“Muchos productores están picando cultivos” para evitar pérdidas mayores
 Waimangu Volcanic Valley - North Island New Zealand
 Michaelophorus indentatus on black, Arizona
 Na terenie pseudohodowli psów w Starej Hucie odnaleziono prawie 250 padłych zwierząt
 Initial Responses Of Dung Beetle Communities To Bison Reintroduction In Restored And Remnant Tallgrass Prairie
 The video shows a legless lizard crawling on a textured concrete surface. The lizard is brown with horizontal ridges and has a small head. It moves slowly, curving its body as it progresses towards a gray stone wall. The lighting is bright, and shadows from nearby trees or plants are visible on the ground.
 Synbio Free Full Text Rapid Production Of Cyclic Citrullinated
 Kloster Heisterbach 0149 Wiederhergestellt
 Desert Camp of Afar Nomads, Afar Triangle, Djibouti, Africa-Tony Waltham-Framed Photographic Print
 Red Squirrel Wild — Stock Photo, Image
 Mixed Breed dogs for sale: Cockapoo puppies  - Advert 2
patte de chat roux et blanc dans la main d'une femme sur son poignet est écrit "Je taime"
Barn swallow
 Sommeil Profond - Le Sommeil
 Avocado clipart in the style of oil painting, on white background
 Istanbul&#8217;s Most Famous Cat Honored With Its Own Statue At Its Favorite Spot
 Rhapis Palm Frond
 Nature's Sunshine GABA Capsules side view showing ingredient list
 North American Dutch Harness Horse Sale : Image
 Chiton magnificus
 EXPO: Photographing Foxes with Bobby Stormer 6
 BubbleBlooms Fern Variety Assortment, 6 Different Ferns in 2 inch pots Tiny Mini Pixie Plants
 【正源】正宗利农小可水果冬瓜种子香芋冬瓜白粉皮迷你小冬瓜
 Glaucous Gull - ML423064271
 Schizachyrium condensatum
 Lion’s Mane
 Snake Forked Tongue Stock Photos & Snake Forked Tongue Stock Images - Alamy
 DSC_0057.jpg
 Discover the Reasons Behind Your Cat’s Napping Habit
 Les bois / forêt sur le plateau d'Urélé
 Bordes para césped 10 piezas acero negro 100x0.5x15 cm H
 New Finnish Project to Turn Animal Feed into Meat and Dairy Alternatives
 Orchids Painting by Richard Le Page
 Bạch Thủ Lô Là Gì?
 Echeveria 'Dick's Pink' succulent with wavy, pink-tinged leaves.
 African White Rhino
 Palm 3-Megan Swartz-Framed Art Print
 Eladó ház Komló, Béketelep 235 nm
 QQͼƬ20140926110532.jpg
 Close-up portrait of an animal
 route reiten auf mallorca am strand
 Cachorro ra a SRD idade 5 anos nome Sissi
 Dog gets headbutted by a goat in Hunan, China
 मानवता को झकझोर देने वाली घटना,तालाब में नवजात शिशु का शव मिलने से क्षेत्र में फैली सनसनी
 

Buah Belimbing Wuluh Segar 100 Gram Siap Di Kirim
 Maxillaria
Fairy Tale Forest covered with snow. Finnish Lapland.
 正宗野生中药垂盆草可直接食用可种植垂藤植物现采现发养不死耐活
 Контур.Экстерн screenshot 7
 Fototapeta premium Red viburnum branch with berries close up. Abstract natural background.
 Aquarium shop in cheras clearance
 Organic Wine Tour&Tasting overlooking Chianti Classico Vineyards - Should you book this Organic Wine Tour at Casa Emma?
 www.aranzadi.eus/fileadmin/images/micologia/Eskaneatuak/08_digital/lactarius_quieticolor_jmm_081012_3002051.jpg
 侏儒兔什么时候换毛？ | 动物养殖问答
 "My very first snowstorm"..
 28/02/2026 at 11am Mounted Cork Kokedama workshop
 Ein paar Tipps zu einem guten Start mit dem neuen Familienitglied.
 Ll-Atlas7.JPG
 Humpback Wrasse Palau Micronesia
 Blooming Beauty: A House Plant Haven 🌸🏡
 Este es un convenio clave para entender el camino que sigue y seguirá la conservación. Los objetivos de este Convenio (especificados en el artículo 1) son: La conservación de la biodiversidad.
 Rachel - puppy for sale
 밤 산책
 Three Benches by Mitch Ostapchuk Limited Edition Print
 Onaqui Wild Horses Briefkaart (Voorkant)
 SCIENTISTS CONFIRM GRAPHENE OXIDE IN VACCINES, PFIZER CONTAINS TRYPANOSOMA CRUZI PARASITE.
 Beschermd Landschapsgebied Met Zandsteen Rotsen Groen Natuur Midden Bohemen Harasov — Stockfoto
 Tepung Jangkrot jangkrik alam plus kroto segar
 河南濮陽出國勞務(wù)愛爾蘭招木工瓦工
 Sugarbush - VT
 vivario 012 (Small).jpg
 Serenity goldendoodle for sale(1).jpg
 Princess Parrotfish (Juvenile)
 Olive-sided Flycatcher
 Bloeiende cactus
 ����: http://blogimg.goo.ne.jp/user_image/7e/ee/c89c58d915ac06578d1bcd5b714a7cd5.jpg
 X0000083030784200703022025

----------

All of the records shown above should be reproduced exactly.

“Muchos productores están picando cultivos” para evitar pérdidas mayores
 Waimangu Volcanic Valley - North Island New Zealand
 Michaelophorus indentatus on black, Arizona
 Na terenie pseudohodowli psów w Starej Hucie odnaleziono prawie 250 padłych zwierząt
 Initial Responses Of Dung Beetle Communities To Bison Reintroduction In Restored And Remnant Tallgrass Prairie
 The video shows a legless lizard crawling on a textured concrete surface. The lizard is brown with horizontal ridges and has a small head. It moves slowly, curving its body as it progresses towards a gray stone wall. The lighting is bright, and shadows from nearby trees or plants are visible on the ground.
 Synbio Free Full Text Rapid Production Of Cyclic Citrullinated
 Kloster Heisterbach 0149 Wiederhergestellt
 Desert Camp of Afar Nomads, Afar Triangle, Djibouti, Africa-Tony Waltham-Framed Photographic Print
 Red Squirrel Wild — Stock Photo, Image
 Mixed Breed dogs for sale: Cockapoo puppies  - Advert 2
patte de chat roux et blanc dans la main d'une femme sur son poignet est écrit "Je taime"
Barn swallow
 Sommeil Profond - Le Sommeil
 Avocado clipart in the style of oil painting, on white background
 Istanbul&#8217;s Most Famous Cat Honored With Its Own Statue At Its Favorite Spot
 Rhapis Palm Frond
 Nature's Sunshine GABA Capsules side view showing ingredient list
 North American Dutch Harness Horse Sale : Image
 Chiton magnificus
 EXPO: Photographing Foxes with Bobby Stormer 6
 BubbleBlooms Fern Variety Assortment, 6 Different Ferns in 2 inch pots Tiny Mini Pixie Plants
 【正源】正宗利农小可水果冬瓜种子香芋冬瓜白粉皮迷你小冬瓜
 Glaucous Gull - ML423064271
 Schizachyrium condensatum
 Lion’s Mane
 Snake Forked Tongue Stock Photos & Snake Forked Tongue Stock Images - Alamy
 DSC_0057.jpg
 Discover the Reasons Behind Your Cat’s Napping Habit
 Les bois / forêt sur le plateau d'Urélé
 Bordes para césped 10 piezas acero negro 100x0.5x15 cm H
 New Finnish Project to Turn Animal Feed into Meat and Dairy Alternatives
 Orchids Painting by Richard Le Page
 Bạch Thủ Lô Là Gì?
 Echeveria 'Dick's Pink' succulent with wavy, pink-tinged leaves.
 African White Rhino
 Palm 3-Megan Swartz-Framed Art Print
 Eladó ház Komló, Béketelep 235 nm
 QQͼƬ20140926110532.jpg
 Close-up portrait of an animal
 route reiten auf mallorca am strand
 Cachorro ra a SRD idade 5 anos nome Sissi
 Dog gets headbutted by a goat in Hunan, China
 मानवता को झकझोर देने वाली घटना,तालाब में नवजात शिशु का शव मिलने से क्षेत्र में फैली सनसनी
 

Buah Belimbing Wuluh Segar 100 Gram Siap Di Kirim
 Maxillaria
Fairy Tale Forest covered with snow. Finnish Lapland.
 正宗野生中药垂盆草可直接食用可种植垂藤植物现采现发养不死耐活
 Контур.Экстерн screenshot 7
 Fototapeta premium Red viburnum branch with berries close up. Abstract natural background.
 Aquarium shop in cheras clearance
 Organic Wine Tour&Tasting overlooking Chianti Classico Vineyards - Should you book this Organic Wine Tour at Casa Emma?
 www.aranzadi.eus/fileadmin/images/micologia/Eskaneatuak/08_digital/lactarius_quieticolor_jmm_081012_3002051.jpg
 侏儒兔什么时候换毛？ | 动物养殖问答
 "My very first snowstorm"..
 28/02/2026 at 11am Mounted Cork Kokedama workshop
 Ein paar Tipps zu einem guten Start mit dem neuen Familienitglied.
 Ll-Atlas7.JPG
 Humpback Wrasse Palau Micronesia
 Blooming Beauty: A House Plant Haven 🌸🏡
 Este es un convenio clave para entender el camino que sigue y seguirá la conservación. Los objetivos de este Convenio (especificados en el artículo 1) son: La conservación de la biodiversidad.
 Rachel - puppy for sale
 밤 산책
 Three Benches by Mitch Ostapchuk Limited Edition Print
 Onaqui Wild Horses Briefkaart (Voorkant)
 SCIENTISTS CONFIRM GRAPHENE OXIDE IN VACCINES, PFIZER CONTAINS TRYPANOSOMA CRUZI PARASITE.
 Beschermd Landschapsgebied Met Zandsteen Rotsen Groen Natuur Midden Bohemen Harasov — Stockfoto
 Tepung Jangkrot jangkrik alam plus kroto segar
 河南濮陽出國勞務(wù)愛爾蘭招木工瓦工
 Sugarbush - VT
 vivario 012 (Small).jpg
 Serenity goldendoodle for sale(1).jpg
 Princess Parrotfish (Juvenile)
 Olive-sided Flycatcher
 Bloeiende cactus
 ����: http://blogimg.goo.ne.jp/user_image/7e/ee/c89c58d915ac06578d1bcd5b714a7cd5.jpg
 X0000083030784200703022025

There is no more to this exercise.